# [Your objective]
Although the material holds pictures, none belong in the copy; transcribe exactly, and only, the lines from the one with "Another way that" through the end.
[Opening Given data section]
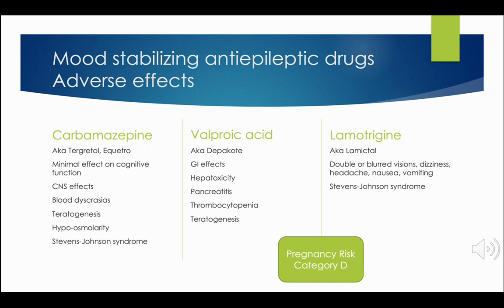Let's talk about Lamictal or Lamotrigine. Individuals may have double or blurred vision, dizziness, headache, nausea, or vomiting. This medication also puts patients at risk for Stevens-Johnson syndrome — the risk is approximately 0.001 percent.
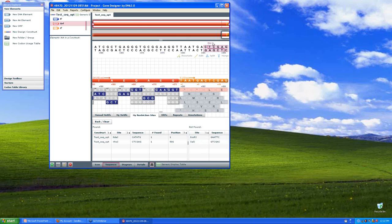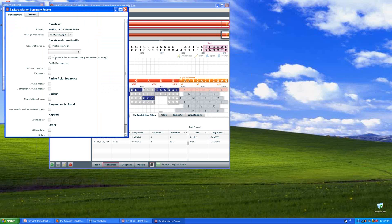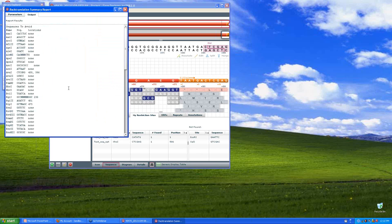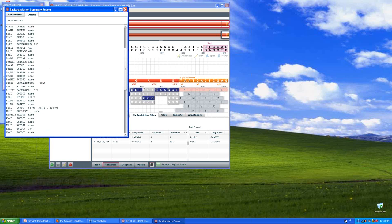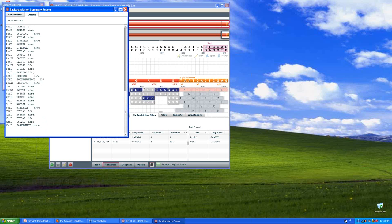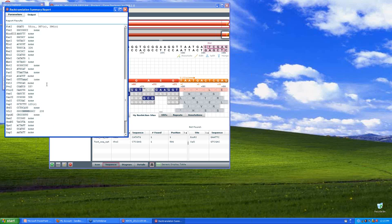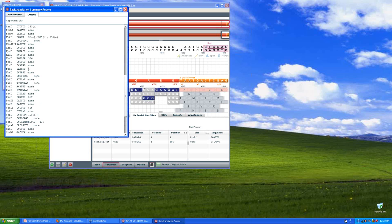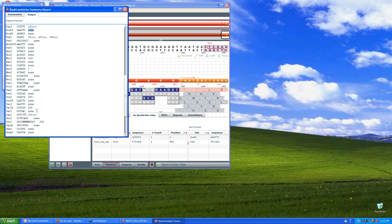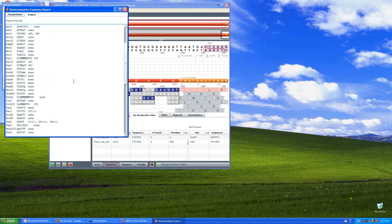Another way that you can get this information in more, maybe more of a text format is, again, go to Reports, Back Translation Summary Report. And if you just click on this button here, List Motifs and Restriction Sites, you'll get a list of many DNA restriction enzymes and the frequency and position of the cuts. So again, if I go down to XHO1, there's a single cutter at 586. And ND1, there is a single cutter at position one. And if I go to ECOR1, there are none. And the same would be true for SAL. So that's a quick way that you can check on the restriction sites.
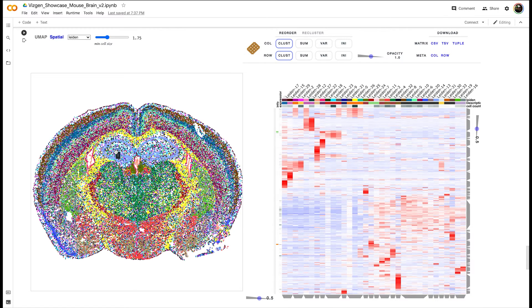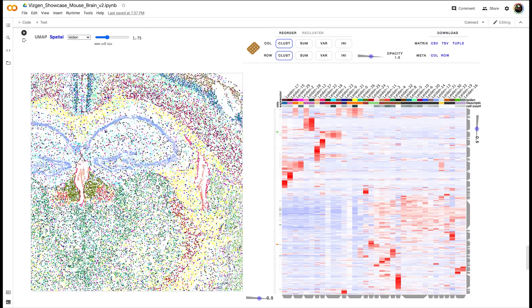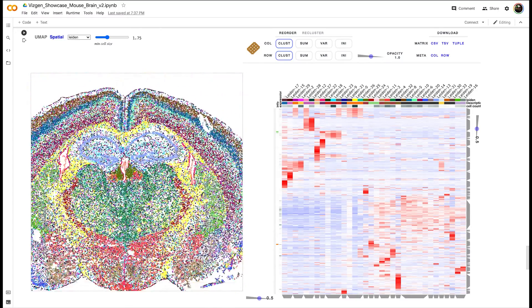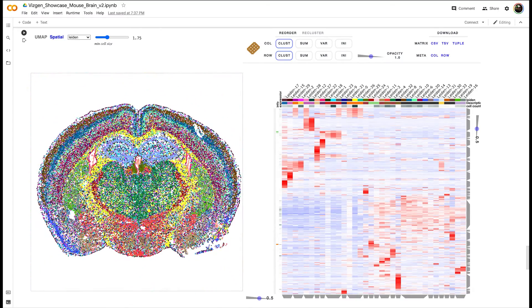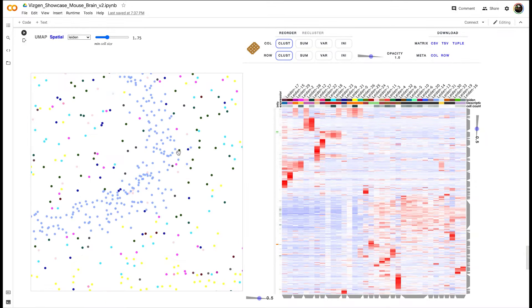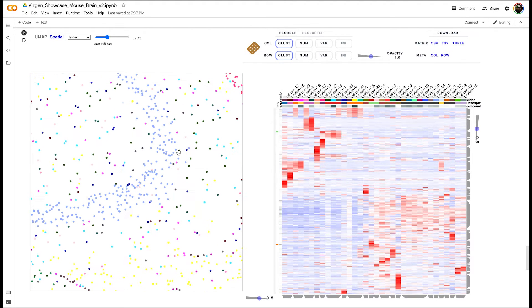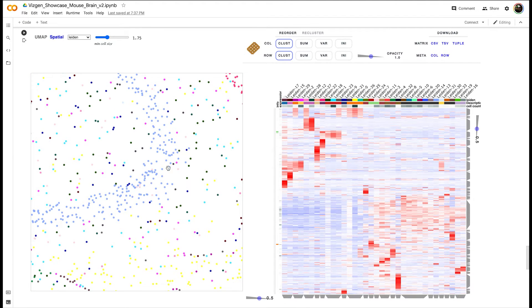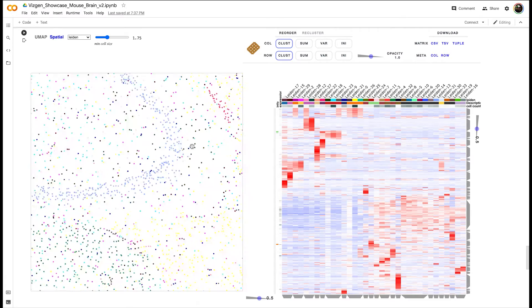On the left, every dot is an individual cell, and it's being colored by its Leiden cluster. You can zoom in and see exactly how cells from the same cluster are spatially located with respect to one another.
[Closing Given data section]
# [Your solution]
Another way that you can get this information in more, maybe more of a text format is, again, go to Reports, Back Translation Summary Report. And if you just click on this button here, List Motifs and Restriction Sites, you'll get a list of many DNA restriction enzymes and the frequency and position of the cuts. So again, if I go down to XHO1, there's a single cutter at 586. And ND1, there is a single cutter at position one. And if I go to ECOR1, there are none. And the same would be true for SAL. So that's a quick way that you can check on the restriction sites.
On the left, every dot is an individual cell, and it's being colored by its Leiden cluster. You can zoom in and see exactly how cells from the same cluster are spatially located with respect to one another.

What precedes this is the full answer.